Hey man if you look at you plants every day and say 900 ppm and they look very nice and green keep it that way. observe your plants and they will tell you how they feel.


----------



## Growbot (Jan 11, 2008)

^^^that's good advice. they'll usually tell you when they're not happy.


----------



## towlie (Jan 11, 2008)

Good info. Thanks for holdin' my hand through that Growbot.

Warm regards.


----------



## billybob88 (Jan 11, 2008)

i totally agree budsworth. your plants will tell you what ppm they want. i love how cannabis is so responsive to its caretaker.


----------



## greengiant420 (Jan 12, 2008)

to you folks I appreciate all of your helpful input with this info I'll be sure to figure this out


----------



## jbreeze (Jan 13, 2008)

this is a solid thread, alot of the first timers should look at this to gain a little more insight into this topic.

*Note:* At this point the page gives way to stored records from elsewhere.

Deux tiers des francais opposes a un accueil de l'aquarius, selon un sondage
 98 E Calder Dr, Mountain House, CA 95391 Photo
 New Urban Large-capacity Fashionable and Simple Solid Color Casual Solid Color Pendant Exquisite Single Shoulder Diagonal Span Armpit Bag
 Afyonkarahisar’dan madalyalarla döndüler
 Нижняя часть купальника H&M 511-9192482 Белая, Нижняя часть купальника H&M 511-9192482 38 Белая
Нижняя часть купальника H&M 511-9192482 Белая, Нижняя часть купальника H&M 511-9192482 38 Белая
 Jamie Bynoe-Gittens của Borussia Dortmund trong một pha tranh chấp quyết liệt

We all usually over do it a little at first, thinkin more is always better.


----------



## RAS. GMONEY (Jan 30, 2008)

yea so what happens if the ppm's goes up?


----------



## infamouse21 (Jan 30, 2008)

then your plants 
1 arnt taking up nuts ( maybe nut lock, ph isnt right)
2 have to much nuts.
3 the wrong nut combination
& maybe some other reasons i dont know, lol


----------



## RAS. GMONEY (Jan 30, 2008)

yea i did have the wrong nut. mix but the ph is round 5+ can it b due to the med. im using coocoo rocks an they do dry an get that white stuff on it (like on fish tanks)an im in bout the2nd week of flowering do you think i should reroot thim after cleaning the rocks or using new ones?


----------



## infamouse21 (Jan 31, 2008)

no dont mess with them. u will just stun the plants & set yourself back weeks.
if the water is rising all the way up till u can see it then u need to add more rocks..
we grow in straight hydrotone & fill the buckets all the way up with rock & the water comes about 1.5 inches from the top of the hydrotone. & we flood every 4.5 houres for 15 min
what nuts do u use. u can have nuts but if it aint what the plants need then your pissing in the wind


----------



## RAS. GMONEY (Jan 31, 2008)

pure blend pro bloom an cal/mag. the ppms on my lady go down till the water is low an the fut. are still high so it makes the reading higher


----------